また注意すべきことは、ロードマップを完璧に作ろうとしないこと。完璧にしようとすると、描こうという気持ちがしぼんでしまいやすくなります。ロードマップをつくるのは、目的意識をもって生きるためであり、必ずしもロードマップ通りに生きるためのものではありません。またその通りにならないのが人生です。
どんな時も「代案」を用意する
どんなに準備をしても、到底予想できない事態というものは起こります。いくら立派な目標を掲げ、素晴らしい計画を立てても、突発的なトラブルは私たちの意思をくじき、予想外のトラブルは起きるものです。繰り返しになりますが、そういったことに対処するには、常に代案を用意しておくことが大切です。
- 最高の経営者
- 勝利に導く将軍
- 偉大な政治家
彼らは、みなある意味で怖がりです。だからこそを実行中の仕事で想定しうる最悪の状況を予想し、これに対する代案を常に準備しています。偉大なリーダーほど、トラブルによって挫折することなく、常により多くのものを手に入れるための「プランB」を持ち合わせているものです。著者は、
実践しないために本を読み、実行しないために講義を聴く人があまりに多い。いくら多くの時間を投資して本を読み、いくら多くのことを感じたとしても、それを行動に移さなければ何の意味もない。

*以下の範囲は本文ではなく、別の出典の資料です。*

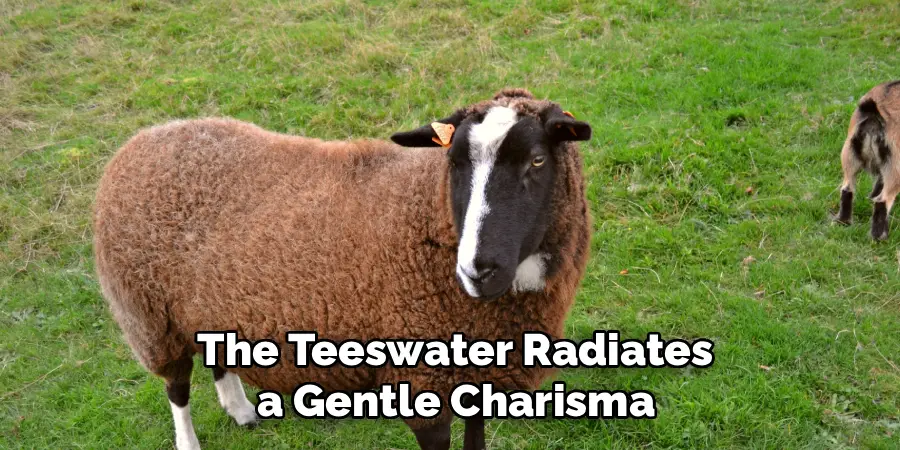  The Teeswater Radiates
 a Gentle Charisma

実行力は、目標を目にみえる成果へと導く結び目であり、自分の運命はあなたが実行するかどうかに関わっている。本書を読んで1,000のことを考えるより、ただひとつだけでも実行に移してくれることを、私は望んでいる。
と言います。イ・ミンギュさんの「後回しにしない技術 ~すぐやる人になる20の方法~」では、今回紹介した内容以外にも、紹介できていない部分が多いです。ためになったという方は、ぜひ手にとって読んでみてください!